XT=X.drop(columns=to_remove)
feature_imp=pd.DataFrame({'feature': XT.columns})

XT.head()

In [None]:
#effect of scaling: no visible difference in y_test vs y_pred, MSE is approx 0.8, not much difference in features

from sklearn.preprocessing import StandardScaler

scaler = StandardScaler()

X=scaler.fit_transform(XT)

y=scaler.fit_transform(np.ravel(y).reshape(-1, 1))

feature_imp=pd.DataFrame({'feature': XT.columns})

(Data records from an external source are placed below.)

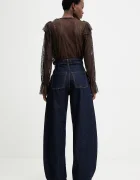 Answear.LAB дънки wide leg дамски тъмносини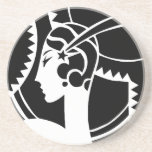 Art Deco Lady Beverage Coasters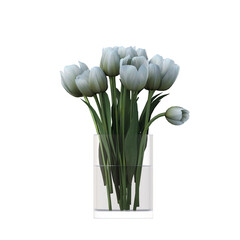 vase with Flowers, isolate on a transparent background, 3D illustration, cg render
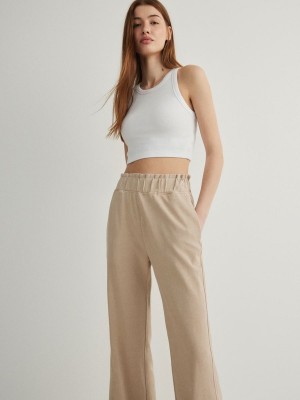 Beige Women's Reserved Cargo Trousers | 70156TGXB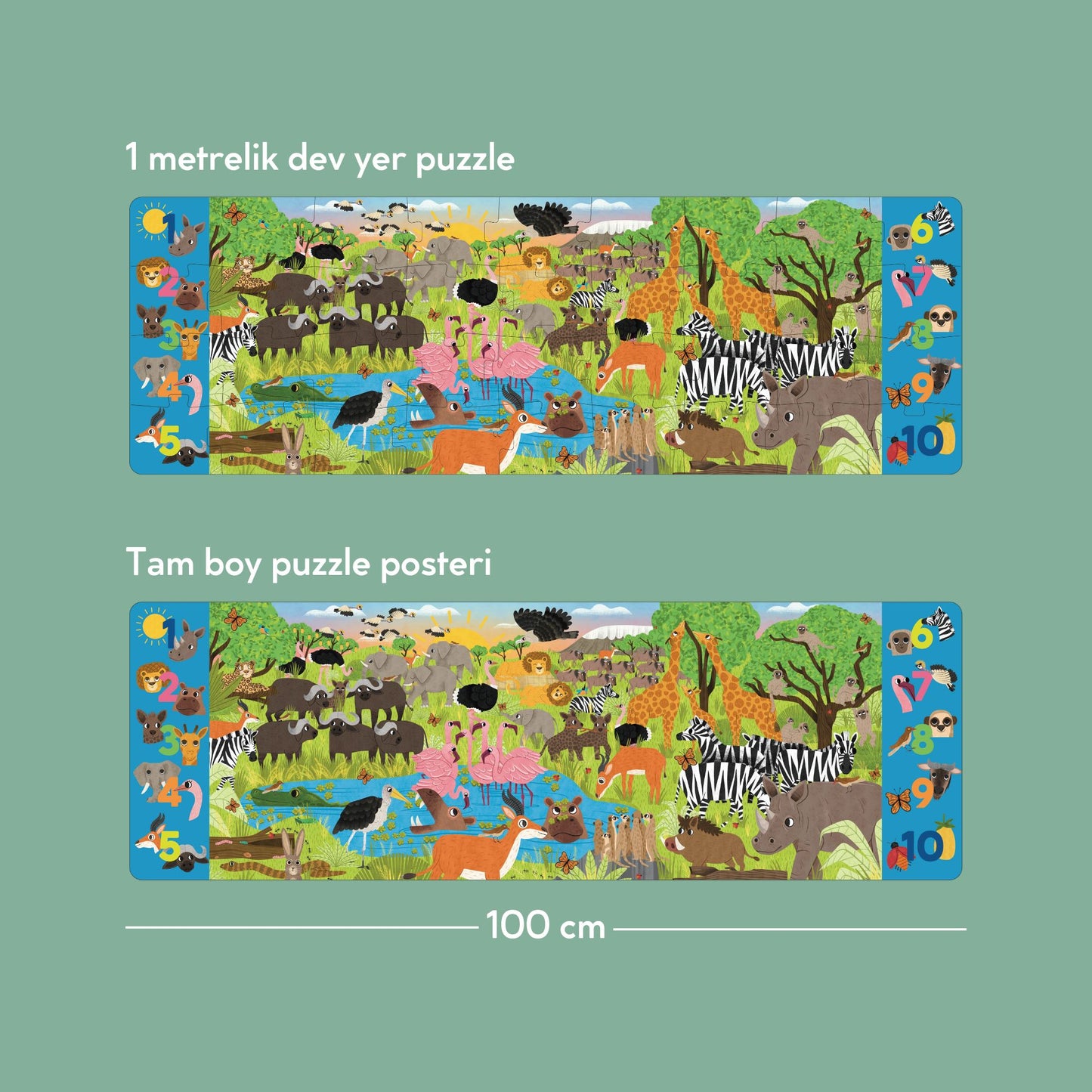 African Savanna - 36 Parça XXL Dev Puzzle, Gözlem ve Sayma Oyunu & Posteri moritoys
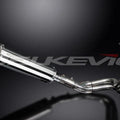 Delkevic Full 2-1 Exhaust 14" Stainless Round Muffler - Kawasaki ER-6N - 09-11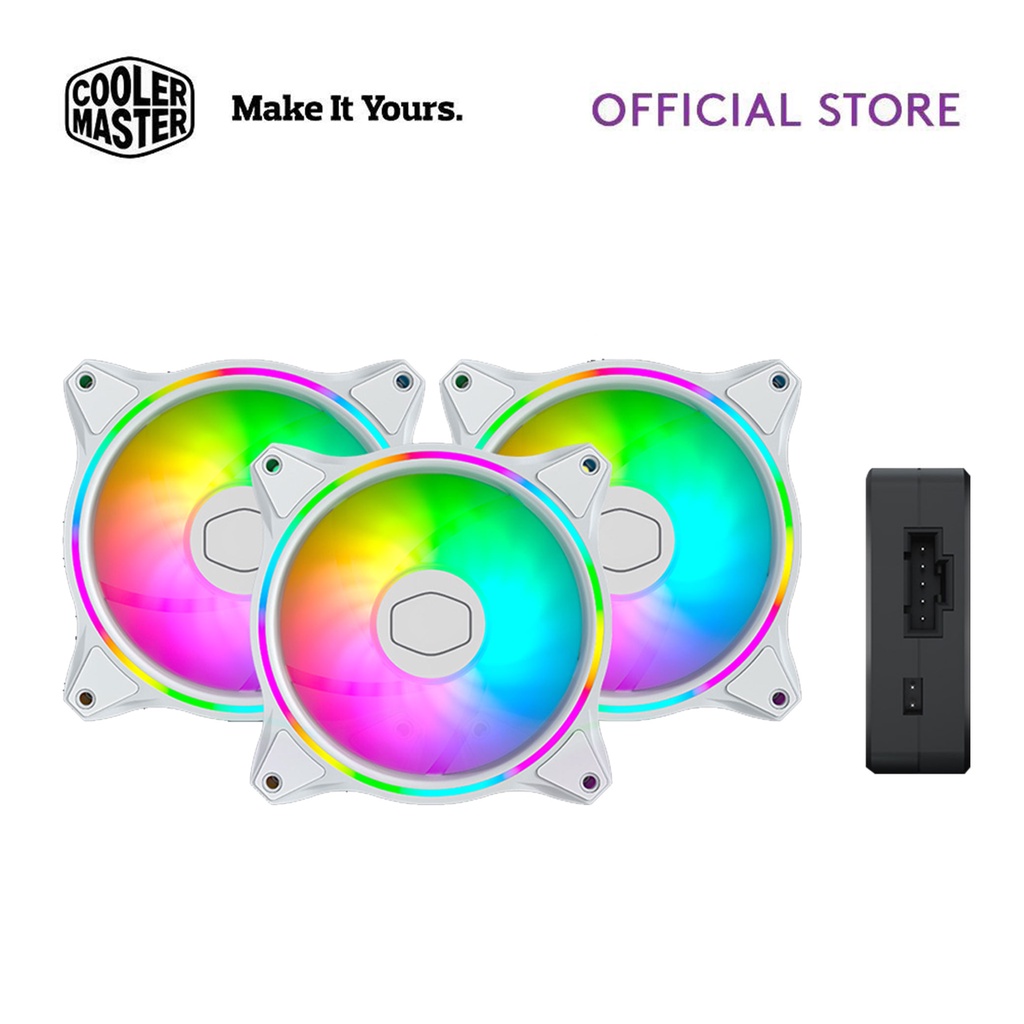 Cooler Master Masterfan Mf120 Halo 3in1 White Edition Chassis Fan Mfl B2dw 183pa R1 Shopee 2439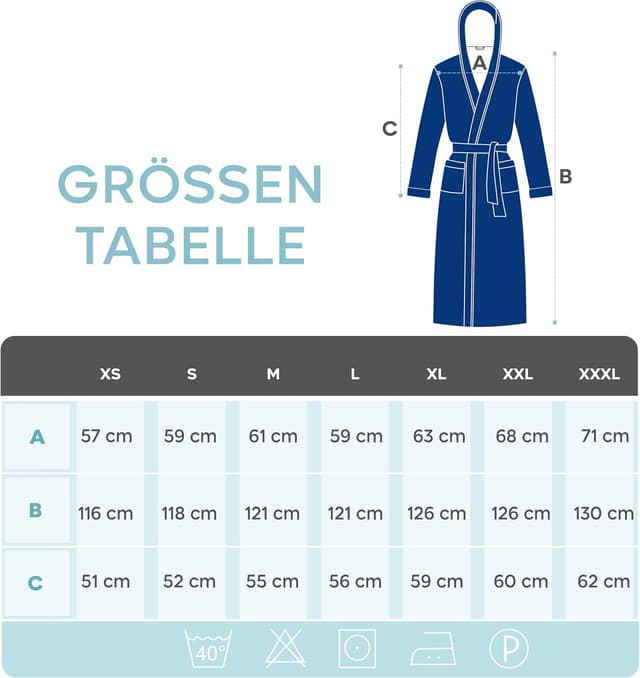 Detalle de Twinzen Herren-Bademantel aus 100% Baumwolle mit Kapuze, Gürtel und 2 Taschen (OEKO‑TEX®, 350 g/m²)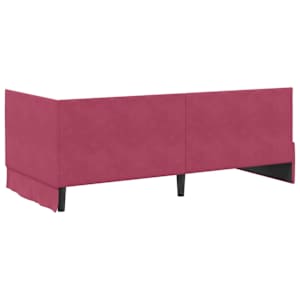 Rohový rám postele s čelo Víno Červené 90 cm x 190 cm samet - obrázek 7
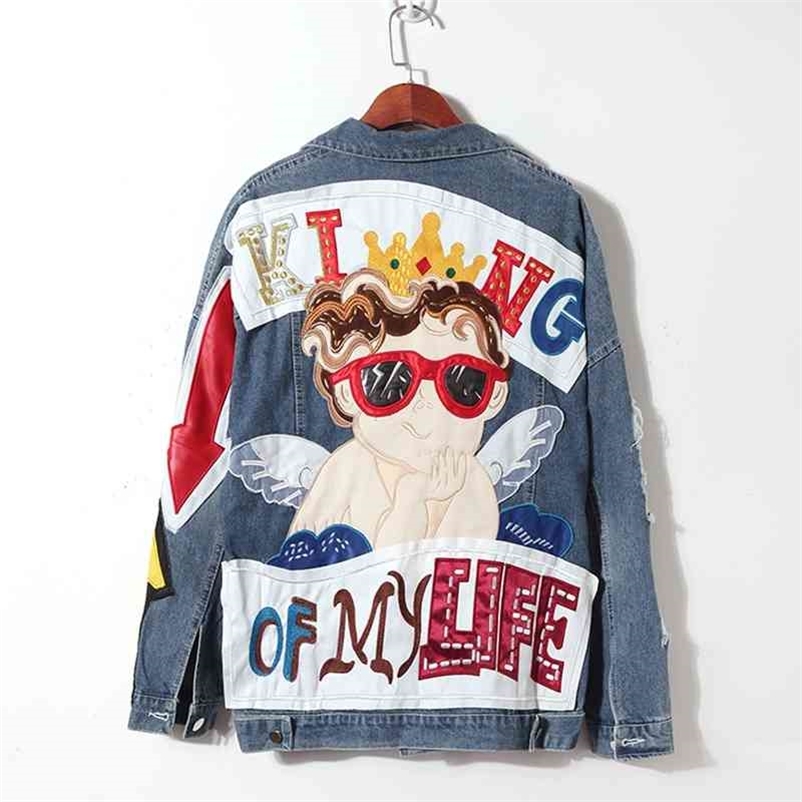 

Fashion Women Long Sleeve Autumn Winter High street Good Quality Angel Baby Pattern Hole Denim Jacket Female Coat A273 210519, Beige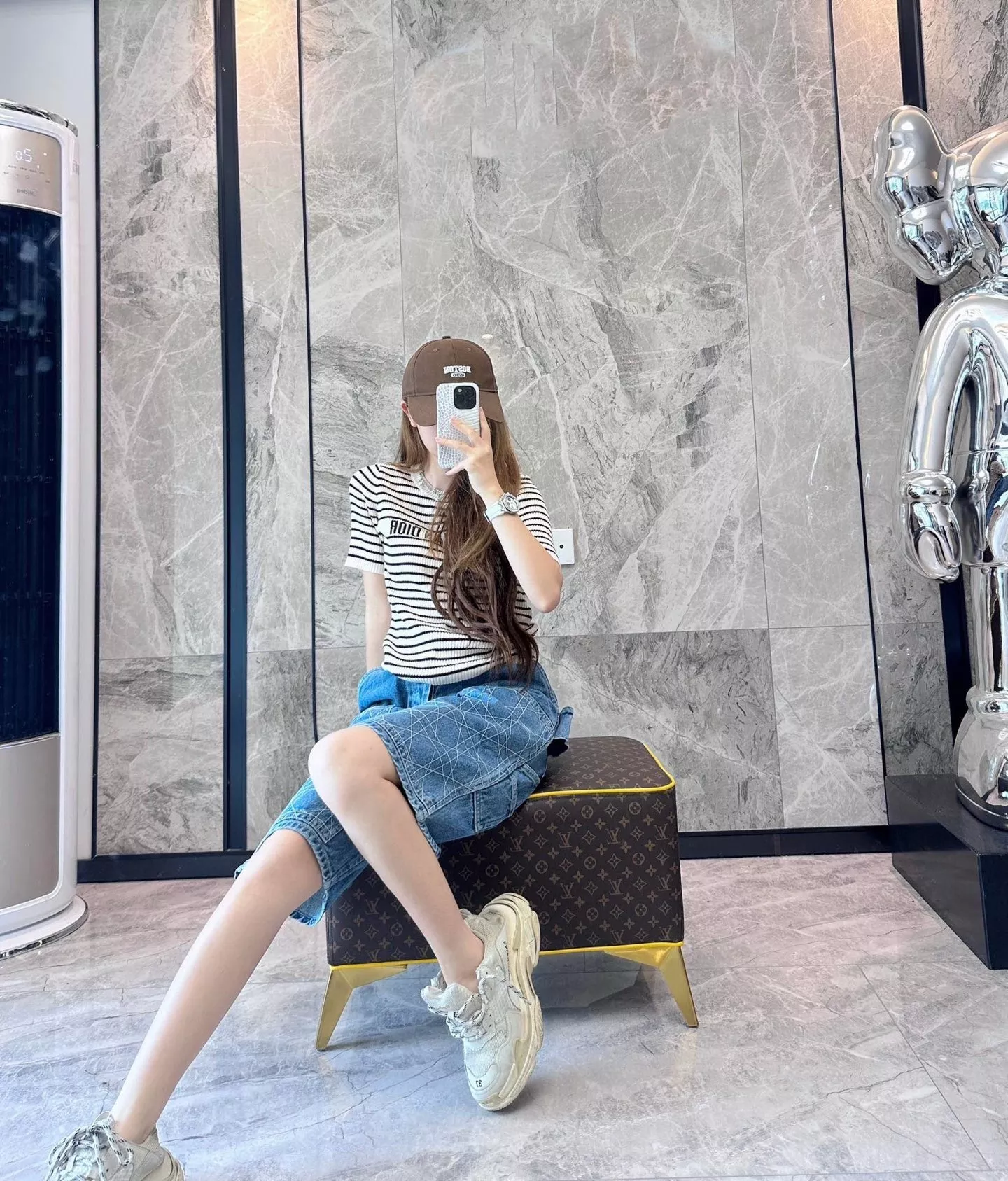 디올 등나무 격자 자수 워크 데님 반바지 상세 이미지 15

#print(XT.shape,y.shape,X.shape)


In [None]:
from sklearn.model_selection import KFold
from sklearn.metrics import mean_squared_error
import xgboost as xgb

max_depth = 4
min_child_weight = 5
subsample = 0.7
colsample_bytree = 0.7
objective = "reg:squarederror" #'reg:linear',#"reg:squarederror"
num_estimators = 500 #2000 #1000 #3000  #200
learning_rate =  0.1 #0.01  #0.05 #0.003 # 0.3

xgb_reg = xgb.XGBRegressor(max_depth=max_depth,
            min_child_weight=min_child_weight,
            subsample=subsample,
            colsample_bytree=colsample_bytree,
            objective=objective,
            n_estimators=num_estimators,
            learning_rate=learning_rate,
            early_stopping_rounds=100,
            num_boost_round = 2000)

kf = KFold(n_splits=4, random_state=42, shuffle=True) # n_splits was 5


i=0
testscore=[]
#feature_imp=pd.DataFrame({'feature': X.columns})
for train_index, test_index in kf.split(X, y):
#for train_index, test_index in gkf.split(X, y, groups):
#    X_train, X_test = X.iloc[train_index,:], X.iloc[test_index,:] # for unscaled dataframe
    X_train, X_test = X[train_index,:], X[test_index,:] # for scaled version
    y_train, y_test = y[train_index], y[test_index]
                      
    xgb_reg.fit(X_train, np.ravel(y_train)) 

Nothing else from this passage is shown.